Preference Robust Modified Optimized Certainty Equivalent
本文在Ben-Tal和Teboulle的优化确定性等价基础上,引入修正版本并考虑真实效用函数未知的情形,通过构建模糊集并采用最坏情况效用函数来规避模糊风险,展示了如何通过求解两个线性规划来识别修正OCE和最坏情况效用函数。
Ben-Tal and Teboulle [Management Sci., 32 (1986), pp. 1445--1466] introduce the concept of optimized certainty equivalent (OCE) of an uncertain outcome as the maximum present value of a combination of the cash to be taken out from the uncertain income at present and the expected utility value of the remaining uncertain income. In this paper, we consider two variations of the OCE. First, we introduce a modified OCE by maximizing the combination of the utility of the cash and the expected utility of the remaining uncertain income so that the combined quantity is in a unified utility value.

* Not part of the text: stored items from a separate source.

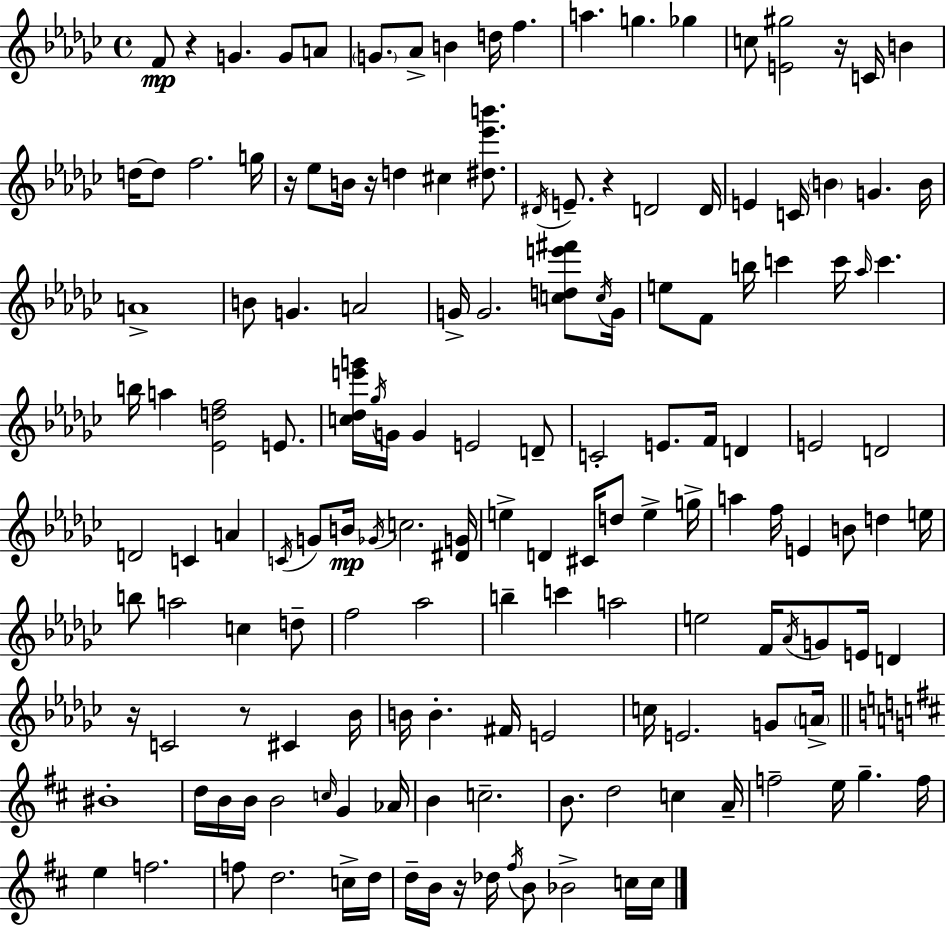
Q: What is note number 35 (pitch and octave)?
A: G4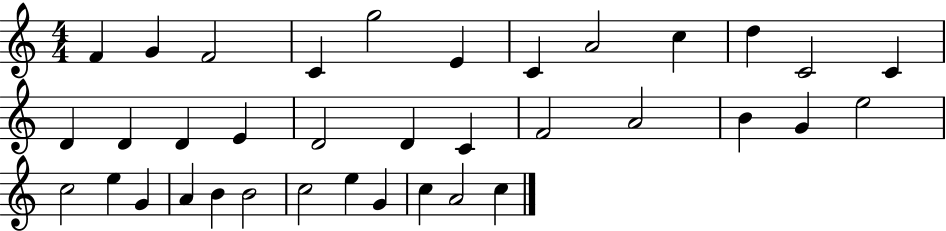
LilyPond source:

{
  \clef treble
  \numericTimeSignature
  \time 4/4
  \key c \major
  f'4 g'4 f'2 | c'4 g''2 e'4 | c'4 a'2 c''4 | d''4 c'2 c'4 | \break d'4 d'4 d'4 e'4 | d'2 d'4 c'4 | f'2 a'2 | b'4 g'4 e''2 | \break c''2 e''4 g'4 | a'4 b'4 b'2 | c''2 e''4 g'4 | c''4 a'2 c''4 | \break \bar "|."
}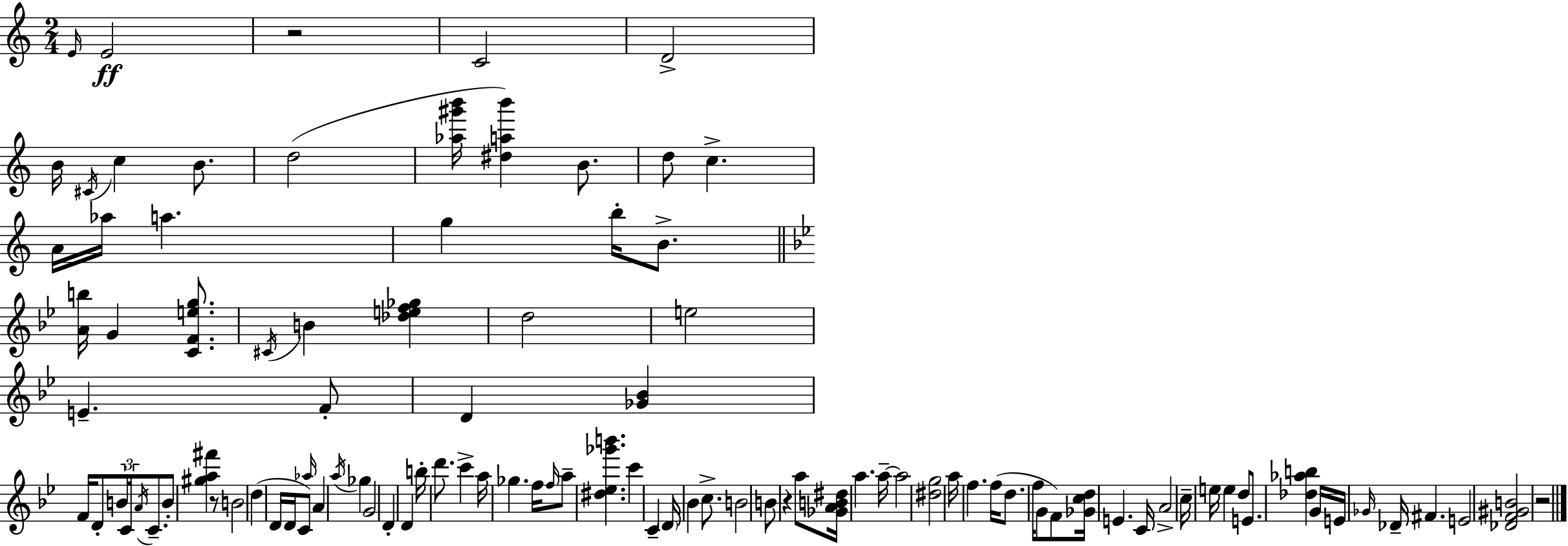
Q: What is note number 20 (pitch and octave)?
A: C#4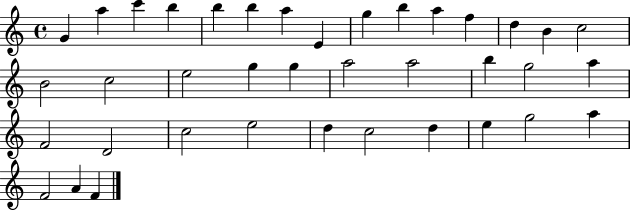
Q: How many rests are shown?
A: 0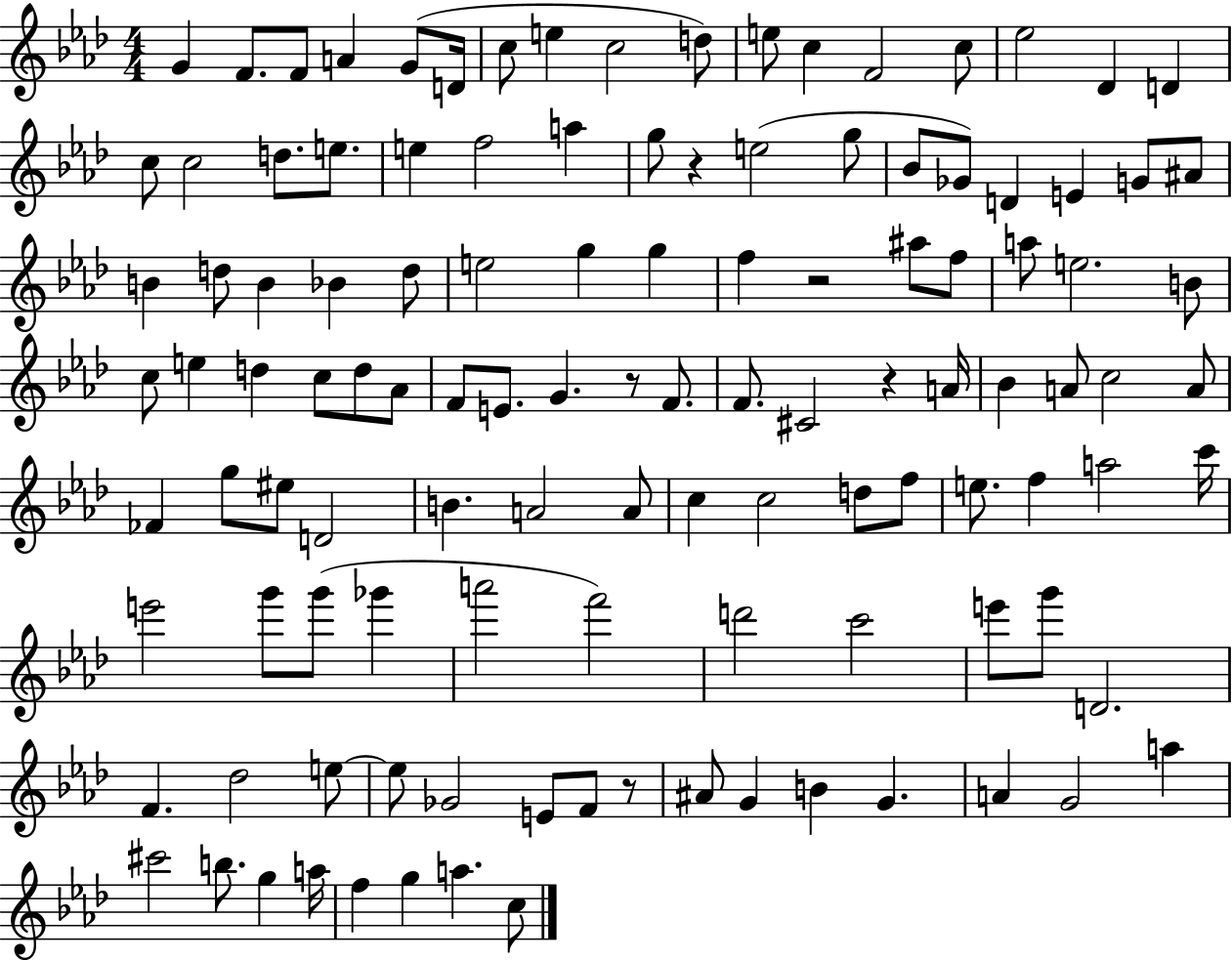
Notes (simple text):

G4/q F4/e. F4/e A4/q G4/e D4/s C5/e E5/q C5/h D5/e E5/e C5/q F4/h C5/e Eb5/h Db4/q D4/q C5/e C5/h D5/e. E5/e. E5/q F5/h A5/q G5/e R/q E5/h G5/e Bb4/e Gb4/e D4/q E4/q G4/e A#4/e B4/q D5/e B4/q Bb4/q D5/e E5/h G5/q G5/q F5/q R/h A#5/e F5/e A5/e E5/h. B4/e C5/e E5/q D5/q C5/e D5/e Ab4/e F4/e E4/e. G4/q. R/e F4/e. F4/e. C#4/h R/q A4/s Bb4/q A4/e C5/h A4/e FES4/q G5/e EIS5/e D4/h B4/q. A4/h A4/e C5/q C5/h D5/e F5/e E5/e. F5/q A5/h C6/s E6/h G6/e G6/e Gb6/q A6/h F6/h D6/h C6/h E6/e G6/e D4/h. F4/q. Db5/h E5/e E5/e Gb4/h E4/e F4/e R/e A#4/e G4/q B4/q G4/q. A4/q G4/h A5/q C#6/h B5/e. G5/q A5/s F5/q G5/q A5/q. C5/e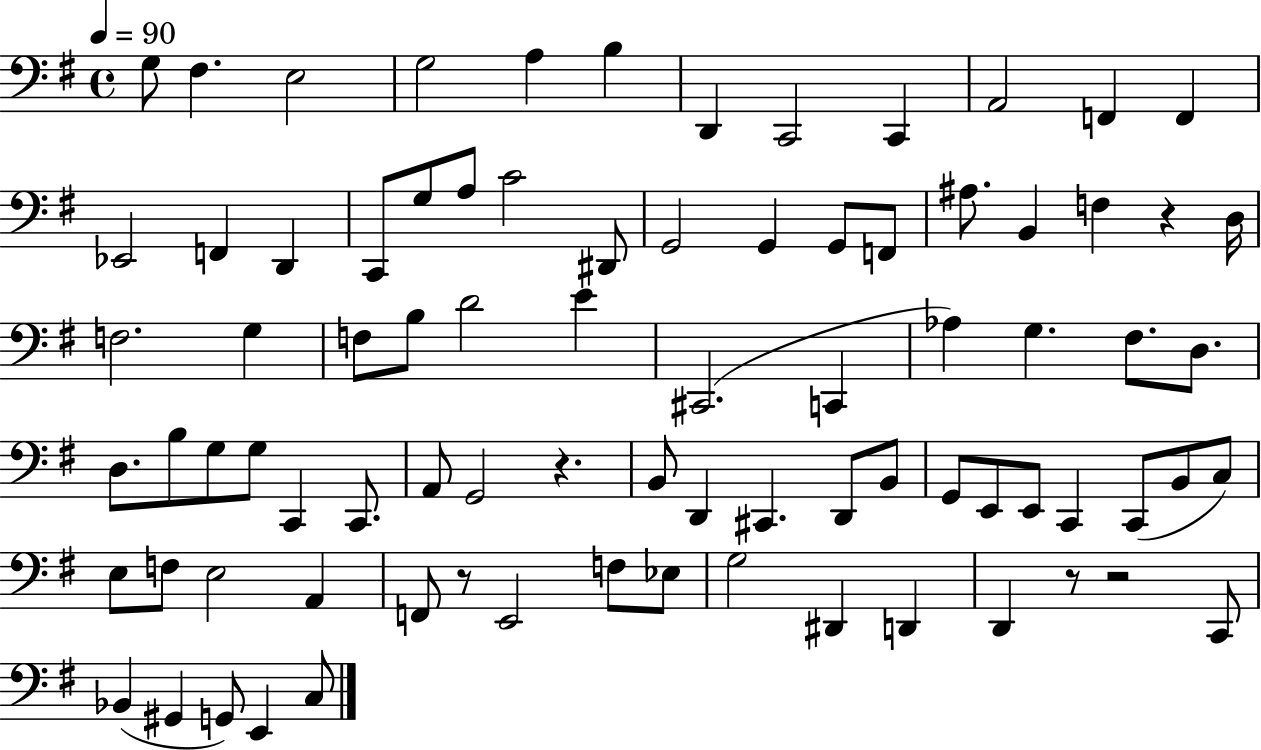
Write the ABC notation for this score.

X:1
T:Untitled
M:4/4
L:1/4
K:G
G,/2 ^F, E,2 G,2 A, B, D,, C,,2 C,, A,,2 F,, F,, _E,,2 F,, D,, C,,/2 G,/2 A,/2 C2 ^D,,/2 G,,2 G,, G,,/2 F,,/2 ^A,/2 B,, F, z D,/4 F,2 G, F,/2 B,/2 D2 E ^C,,2 C,, _A, G, ^F,/2 D,/2 D,/2 B,/2 G,/2 G,/2 C,, C,,/2 A,,/2 G,,2 z B,,/2 D,, ^C,, D,,/2 B,,/2 G,,/2 E,,/2 E,,/2 C,, C,,/2 B,,/2 C,/2 E,/2 F,/2 E,2 A,, F,,/2 z/2 E,,2 F,/2 _E,/2 G,2 ^D,, D,, D,, z/2 z2 C,,/2 _B,, ^G,, G,,/2 E,, C,/2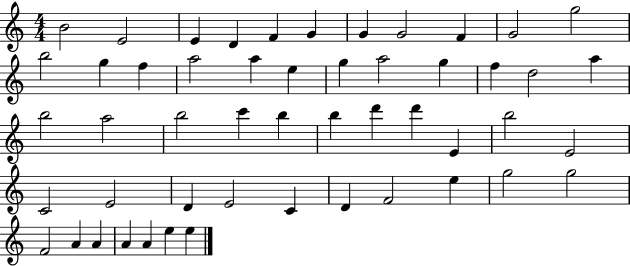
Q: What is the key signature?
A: C major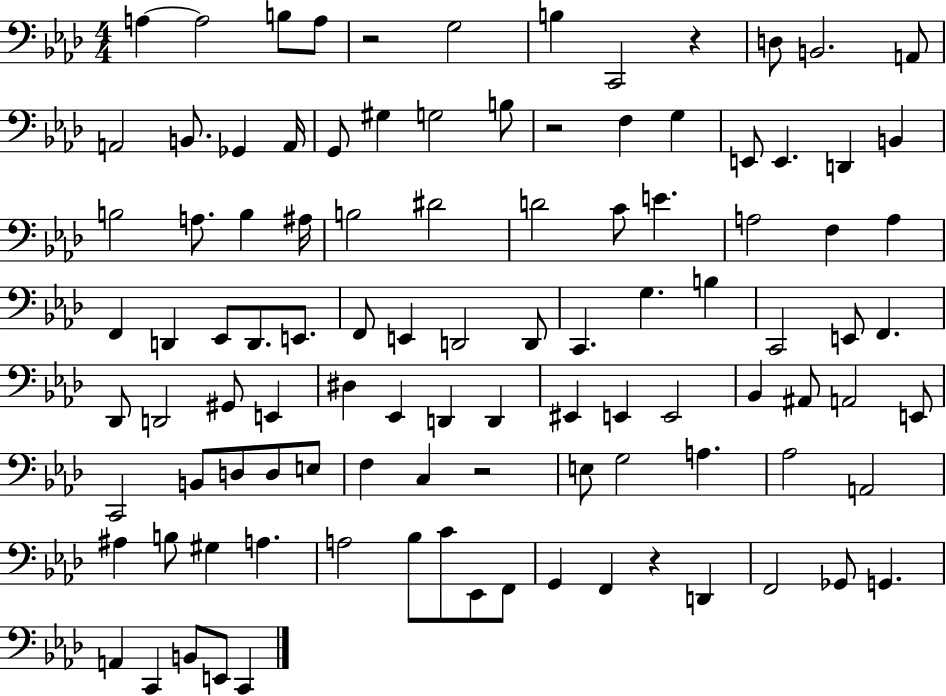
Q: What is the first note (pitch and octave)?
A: A3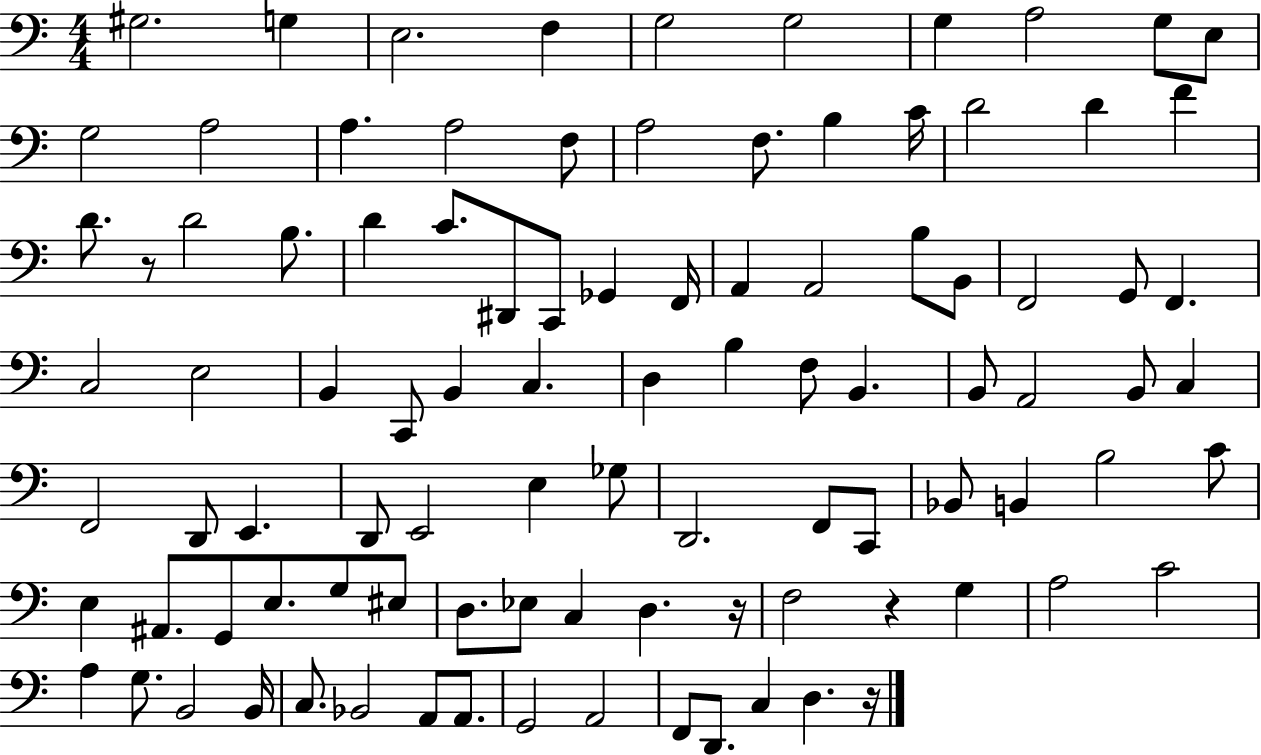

Second, we consider a situation where the true utility function is unknown but it is possible to use partially available information to construct a set of plausible utility functions. To mitigate the risk arising from the ambiguity, we introduce a robust model where the modified OCE is based on the worst-case utility function from the ambiguity set. In the case when the ambiguity set of utility functions is constructed by a Kantorovich ball centered at a nominal utility function, we show how the modified OCE and the corresponding worst-case utility function can be identified by solving two linear programs alternatively. We also show that the robust modified OCE is statistically robust in a data-driven environment where the underlying data are potentially contaminated. Some preliminary numerical results are reported to demonstrate the performance of the modified OCE and the robust modified OCE model.